Joint List leaders join Bedouin and students in march on Jerusalem to demand recognition of 46 villages
The Joint List leader Ayman ODeh joined Bedouin and students in a four day march on Jerusalem to demand recognition of 46 Bedouin villages (MEE/Oren Zin)
On the morning Thursday, some 100 members of the Joint List alliance of four Arab parties, Bedouin students and activists gathered in the unrecognised village of Wadi al Na'am, in the Negev dessert in southern Israel and started a four-day march to Jerusalem.
 
The march was organised by the head of the Joint List, Ayman Odeh, who promised months ago that if he was elected to the Israeli parliament, his first action would be to march from the unorganised Bedouin villages in the Negev to Jerusalem, calling the Israeli government to recognise the villages and give them full rights.
 
As most Israeli politicians were resting after their intense election camping, or busy with the negotiations to form a new Israeli government, Odeh chose to march to Jerusalem, ahead of the opening session of the Israeli parliament, the Knesset, that will take place next week.
 
Bedouin school kids were walking into the elementary school in Wadi al Na'am, the biggest unrecognised village of 46 villages in the Negev desert, as the activists were getting ready to start their march.
 
״We want to focus the public attention to the most harsh problem - over 40 villages that were here before Israel was founded, people are living with out water and electricity," Odeh told MEE, "children here have to march kilometres to reach their school, we have a civil and democratic plan to recognise those villages."
 
Odeh, who only two months ago was unknown to most of the Israeli-Jewish public, and now is well known, was asked by a local journalist why do the Bedouims rejected in the past all the governmental plans regarding the villages in the Negev. Odeh calmly answered: "You should ask the government why the don't simply recognise all the villages? I promise you that if the do so, they [the Bedouins] won't understand how they didn't recognise them 30 years ago."
 
In the Negev, all the 46 unorganised Bedouin villages were established before the foundation of Israel. Despite the fact all the 100,000 residents are Israeli citizens, they don't enjoy any governmental services to their villages.
 
The state dose not connect them to electricity, water and sewage, cleaning or garbage collections services. Also, the villages don't have a planning permission so many of the houses are considered illegal and face demolitions orders.
 
Parliament member Dov Hanin, the only Jewish parliament member in the Joint List also joined the march. He told MEE:
 
"I think this march is very symbolic,of one of the most justified struggles and important to the Arab public in Israel, and this is a struggle for equality.
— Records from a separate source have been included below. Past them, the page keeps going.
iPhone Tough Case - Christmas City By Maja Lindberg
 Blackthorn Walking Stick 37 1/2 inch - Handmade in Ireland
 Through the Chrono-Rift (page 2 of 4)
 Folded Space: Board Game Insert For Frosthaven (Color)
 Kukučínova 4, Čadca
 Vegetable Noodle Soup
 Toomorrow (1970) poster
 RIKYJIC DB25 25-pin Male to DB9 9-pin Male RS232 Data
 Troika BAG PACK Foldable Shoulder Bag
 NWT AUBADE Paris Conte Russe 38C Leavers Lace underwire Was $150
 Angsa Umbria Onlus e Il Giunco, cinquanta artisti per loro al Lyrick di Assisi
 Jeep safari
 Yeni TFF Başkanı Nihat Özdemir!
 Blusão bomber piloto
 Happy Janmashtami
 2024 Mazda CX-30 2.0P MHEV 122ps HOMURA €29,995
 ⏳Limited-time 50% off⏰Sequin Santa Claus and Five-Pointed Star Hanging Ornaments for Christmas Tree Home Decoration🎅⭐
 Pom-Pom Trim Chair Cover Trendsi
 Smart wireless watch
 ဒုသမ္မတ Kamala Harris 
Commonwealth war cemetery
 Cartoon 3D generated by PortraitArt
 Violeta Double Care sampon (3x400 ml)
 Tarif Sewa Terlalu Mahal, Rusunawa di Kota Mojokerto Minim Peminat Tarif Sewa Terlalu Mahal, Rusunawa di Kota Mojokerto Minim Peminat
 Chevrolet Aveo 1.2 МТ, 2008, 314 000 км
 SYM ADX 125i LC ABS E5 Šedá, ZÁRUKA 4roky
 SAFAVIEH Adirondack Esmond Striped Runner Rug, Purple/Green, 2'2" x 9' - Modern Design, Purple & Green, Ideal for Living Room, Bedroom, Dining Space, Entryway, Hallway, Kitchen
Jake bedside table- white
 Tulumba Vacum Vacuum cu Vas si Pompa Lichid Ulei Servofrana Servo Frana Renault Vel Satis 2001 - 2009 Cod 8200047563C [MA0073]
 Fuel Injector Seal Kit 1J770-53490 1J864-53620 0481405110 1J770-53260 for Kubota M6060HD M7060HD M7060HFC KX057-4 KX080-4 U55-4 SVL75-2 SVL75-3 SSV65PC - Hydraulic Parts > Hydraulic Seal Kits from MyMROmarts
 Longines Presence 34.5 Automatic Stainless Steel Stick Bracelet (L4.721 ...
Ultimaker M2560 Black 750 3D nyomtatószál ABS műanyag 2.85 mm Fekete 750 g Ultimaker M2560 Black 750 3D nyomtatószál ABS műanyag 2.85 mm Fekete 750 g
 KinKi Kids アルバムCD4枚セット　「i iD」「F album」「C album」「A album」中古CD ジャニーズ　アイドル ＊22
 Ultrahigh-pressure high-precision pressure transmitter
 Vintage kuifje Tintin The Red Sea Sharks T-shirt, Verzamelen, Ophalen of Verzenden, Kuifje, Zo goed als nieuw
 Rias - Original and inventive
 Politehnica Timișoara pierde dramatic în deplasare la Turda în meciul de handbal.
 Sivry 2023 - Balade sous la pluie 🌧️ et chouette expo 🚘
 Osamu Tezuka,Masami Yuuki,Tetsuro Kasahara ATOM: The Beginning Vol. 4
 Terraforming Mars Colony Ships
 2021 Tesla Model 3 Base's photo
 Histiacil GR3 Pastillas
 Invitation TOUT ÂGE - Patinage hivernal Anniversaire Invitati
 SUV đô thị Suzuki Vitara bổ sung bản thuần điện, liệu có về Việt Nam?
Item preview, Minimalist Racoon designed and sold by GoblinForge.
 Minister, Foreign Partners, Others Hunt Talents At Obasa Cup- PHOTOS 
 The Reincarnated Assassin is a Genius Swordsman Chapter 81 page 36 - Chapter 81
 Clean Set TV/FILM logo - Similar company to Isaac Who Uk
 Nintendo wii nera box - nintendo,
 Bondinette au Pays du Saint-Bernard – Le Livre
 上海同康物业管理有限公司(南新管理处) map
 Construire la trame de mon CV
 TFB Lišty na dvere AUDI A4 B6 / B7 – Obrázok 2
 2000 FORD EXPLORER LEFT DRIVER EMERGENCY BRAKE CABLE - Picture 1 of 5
As Jewish villages in the Negev are getting water and other facilities from the state, and can live in a reasonable conditions, so do the Arab residents of the Negev deserve to get the same rights." 
 
On the way a Bedouin child, riding his bike in the open area outside the city of Beer Sheva, asked one of the activists marching, "Where are you going to?" After he was told this was a march to Jerusalem, the surprised child said, "By foot? This is really far!"
 
Mufid Abu Sweide, a Bedouin youth living in the unrecognised village of Wadi al Na'am told MEE: "We hope to raise our voice in the four days' march, we demand basic facilities to our village." He pointed out a feeling many residents in the Negev share regarding the politicians: "We want people to work for us, not only people who will sit in the parliament, and as Ayman Odeh has the courage to march and he is making an effort for us, we want also the other politicians to do so." 
 
Odeh is well aware of the demands from the public who voted for him, and gave his party 13 seats in parliament, to see actions on the ground: "We organised this march because we think this government does not give us many options to act through the parliament," he told MEE.  
 
"Therefore we will focus mostly on the popular struggle, using civil and democratic tools, and in the coming months this struggle will expand."
 
After passing through the city of Beer Sheva, the march arrived in the afternoon to the unrecognised village of Al Arakib, a village that was demolished over 80 times by the Israeli authorities.
 
The small village became a symbol of the Bedouins' struggle in Israel.
 
The march was welcomed by a small vigil organised by the 30 local residents, who remained living in the village. Before its first demolition it was the home for over 300 Bedouins.
 
Nowadays, the village is demolished almost every month. The residents are forced to live inside the local cemetery, in small shacks next to the graves.
 
Aziz al Turi, told MEE: "It can't be worst then what Netanyahu did to us, till him no government dared demolished an entire village. But our village was demolished over 82 times till today. I'm optimistic when I see a new generation, youth and young parliament members struggling with us."
 
As the night fell, the activists seemed to be tired after marching over 30 kilometers during the first day of the march. On the next days they will march some 90 kilometers, before arriving at the Israeli president's house in Jerusalem, delivering him a letter demanding recognition for all the 46 villages.